RECORDED INFORMATION>
━━━━━━━━
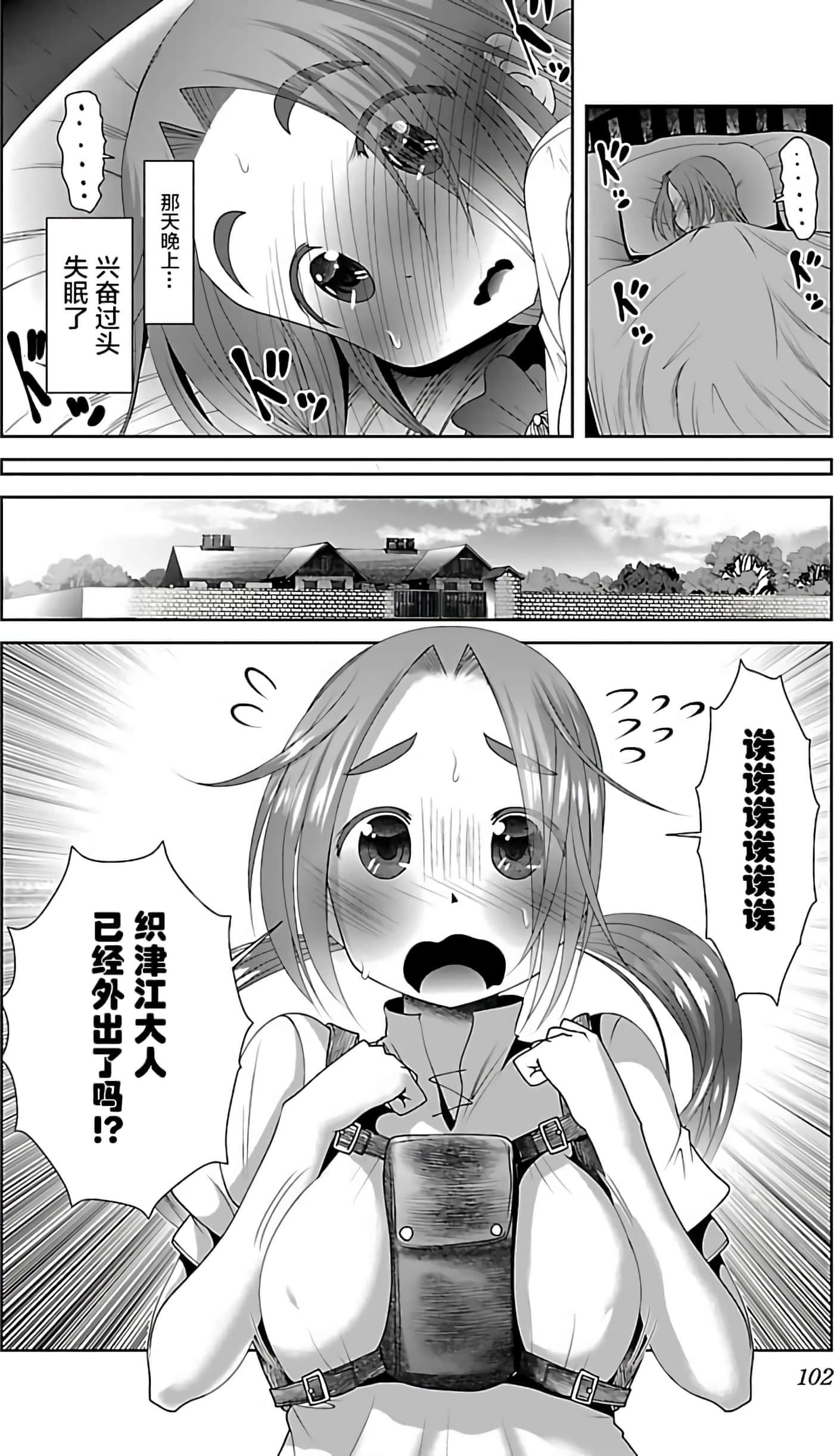 科学存在的人外娘观察日记【1-102话 45-102是生肉】【科学的に存在しうるクリーチャー娘の観察日誌／存在科學可能性的生物少女觀察日記】-4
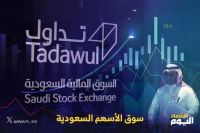 مؤشر سوق الأسهم السعودية يغلق مرتفعا 0.2% اليوم الأحد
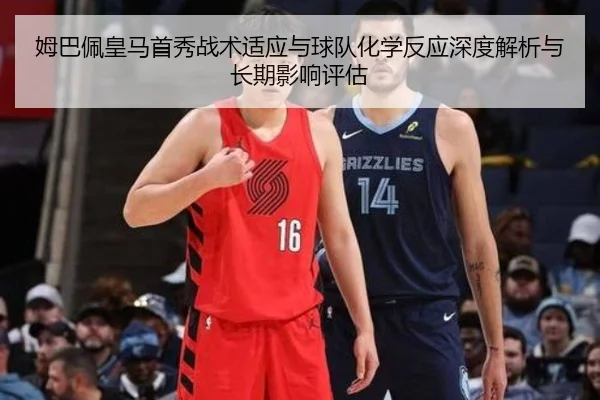 mu-ba-pei-huang-ma-shou-xiu-zhan-shu-shi-ying-yu-qiu-dui-hua-xue-fan-ying-shen-du-jie-xi-yu-chang-qi-ying-xiang-ping-gu-1-941.jpg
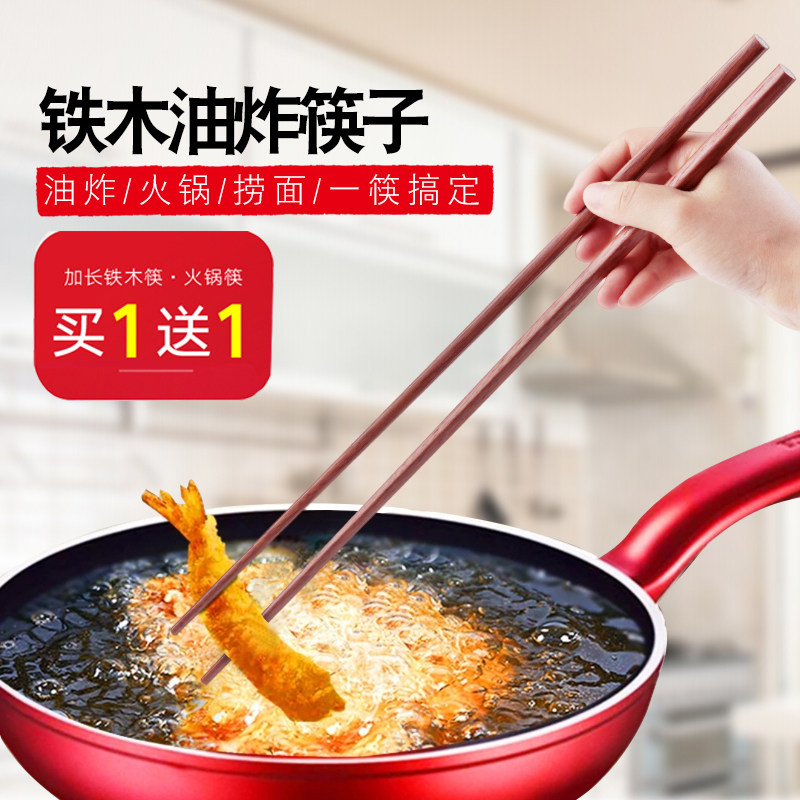 实木筷 家用加长筷子防烫捞面火锅筷油炸超长专用实木炸油条东西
━━━━━━━━
WHAT IS REQUIRED>
Extract the full listing above verbatim; pictures are to be left out of the copy.

EXERCISE RESPONSE>
 科学存在的人外娘观察日记【1-102话 45-102是生肉】【科学的に存在しうるクリーチャー娘の観察日誌／存在科學可能性的生物少女觀察日記】-4
 مؤشر سوق الأسهم السعودية يغلق مرتفعا 0.2% اليوم الأحد
 mu-ba-pei-huang-ma-shou-xiu-zhan-shu-shi-ying-yu-qiu-dui-hua-xue-fan-ying-shen-du-jie-xi-yu-chang-qi-ying-xiang-ping-gu-1-941.jpg
 实木筷 家用加长筷子防烫捞面火锅筷油炸超长专用实木炸油条东西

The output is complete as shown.